It's tougher to peddle just about anything these days. Even transportation management systems, tools that long ago proved their value in the marketplace, are not slam-dunk sells anymore.
A late December study by ARC Advisory Group noted that the stellar growth in TMS demand could slow down in 2009 and beyond, as cash-strapped companies delay IT investments during the economic downturn.
As a result, "TMS vendors could see longer sales cycles in 2009, at least during the first half of the year," says Adrian Gonzalez, director of ARC's logistics executive council and author of the study.

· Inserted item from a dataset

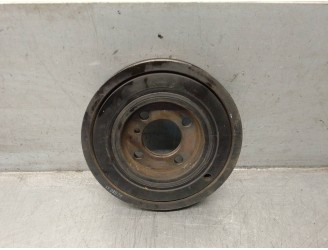 Replacement crankshaft pulley for Kia Carens 2.0 turbodiesel CAT OEM IAM reference 2312427100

Gonzalez adds, however, that it's also possible that TMS vendors will benefit from tough times as top executives that have long viewed transportation as a cost center seek to slash millions of dollars from their shipping budgets through more efficient operations. "It is unclear at the moment which path customers will take" in 2009, he says.

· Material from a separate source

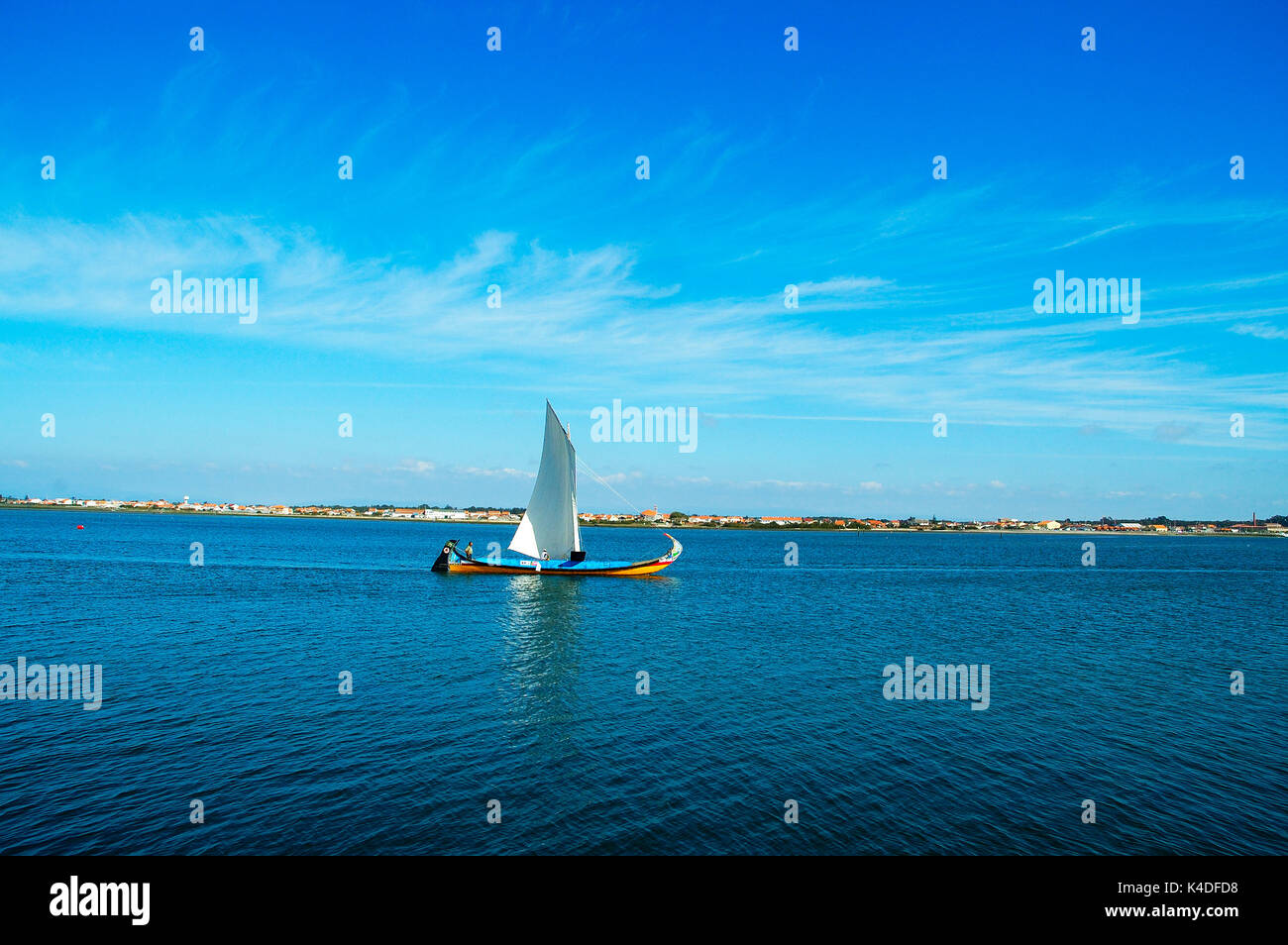 Bateau traditionnel, moliceiros, de la rivière Aveiro (ria de Aveiro). Costa Nova, Portugal Banque D'Images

Any retrenchment in TMS investment should be kept in perspective, Gonzalez says. The TMS market, which hit $1.2 billion in sales at the end of 2007, should post compounded growth of 7.6 percent a year through 2012, according to ARC. "There are plenty of TMS sales opportunities available in the market for all vendors to benefit," Gonzalez says.
A no-risk proposition
In a vote of confidence in their products, and in an effort to increase market awareness, some vendors are putting their money where their TMS tools are. LeanLogistics Inc., based in Zeeland,Mich., is offering its procurement services, which leverage the company's TMS tools to compare and identify the most costeffective routings for domestic truck, parcel, and intermodal services, at no risk to the user. Lean has said that if its services cannot reduce a customer's transport spend by at least 3 percent in 2009, Lean will not charge for the services.
According to Lean, customers in 2008 saved an average of 11.7 percent using its procurement services. For customers that annually spend $50 million on transportation—the average Lean customer spends between $50 million and $70 million each year—the savings in 2008 would approach $6 million.
Chris Timmer, Lean's vice president, sales and marketing, says the offer sends a message that "now is not the time not to invest in systems that will make you more efficient, more competitive, and better positioned for an economic recovery."
Greg Johnsen, co-founder and vice president of marketing at GT Nexus, which offers TMS services primarily to the international market, says his company has launched low-cost TMS programs over the past two years to demonstrate the software's value. Like Lean, GT Nexus offers its TMS software as a Web-enabled service that companies essentially rent from IT providers on an as-needed basis rather than buying applications they'll have to install, manage, and maintain themselves.
The Lean and GT Nexus offerings are what's known as "on demand" or "software as a service" tools, which are touted as less expensive and quicker and easier to implement than so-called installed software. For example, Johnsen says that, on average, the cost of buying, managing, and updating custom-installed software is more than four times that of running a similar application in an on-demand environment. Johnsen adds GT Nexus can get big companies up and running in eight to 10 weeks. The company will not accept any customers that cannot see the value in its tools once they are demonstrated, Johnsen says.